Blue Origin, the publicity-shy spaceflight company backed by Amazon.com’s Jeff Bezos, announced Nov. 23 it had picked three research payloads to fly aboard the company’s New Shepard suborbital vehicle.
No specifics were released on when the payloads would fly, but information posted on Blue Origin’s Web site said the first flight opportunities for experiments requiring an “accompanying research astronaut” could occur in 2012 with flight opportunities for autonomous or remotely controlled experiments to ride along on uncrewed test flights perhaps in 2011.
Flight testing of New Shepard prototype vehicles began in 2006 at Blue Origin’s West Texas launch site. The company says New Shepard will consist of a pressurized crew capsule that will take off vertically and accelerate for approximately 180 seconds before shutting off its rocket engines and coasting into space.
Three selected investigations listed on Blue Origin’s Web site are:
- Three-Dimensional Critical Wetting Experiment in Microgravity by principal investigator Stephen Collicott of Purdue University, West Lafayette, Ind.
- Microgravity Experiment on Dust Environments in Astrophysics by principal investigator Joshua Colwell of the University of Central Florida, Orlando, Fla.
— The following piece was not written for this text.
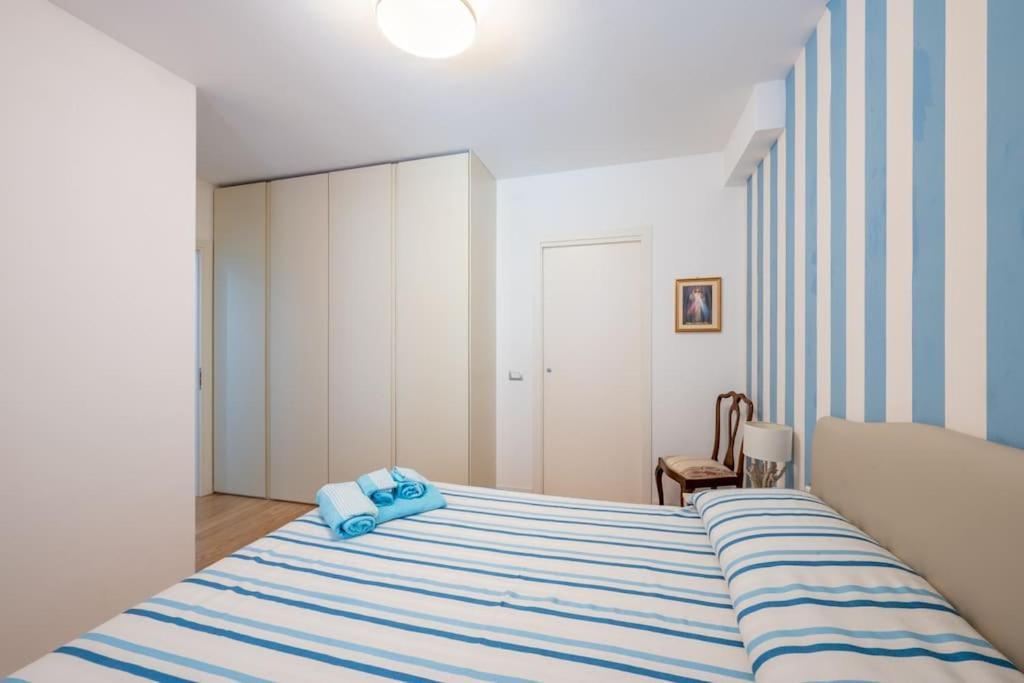 Seaview Cavi B. 100Mt Dal Mare Appartement Lavagna Buitenkant foto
- Effective Interfacial Tension Induced Convection by principal investigator John Pojman of Louisiana State University, Baton Rouge, La.
Blue Origin’s announcement follows a Nov. 19 meeting of the Commercial Spaceflight Federation’s Suborbital Applications Researchers Group. The group is chaired by Alan Stern, a former NASA associate administrator for science who currently serves as Blue Origin’s independent representative for research and education missions.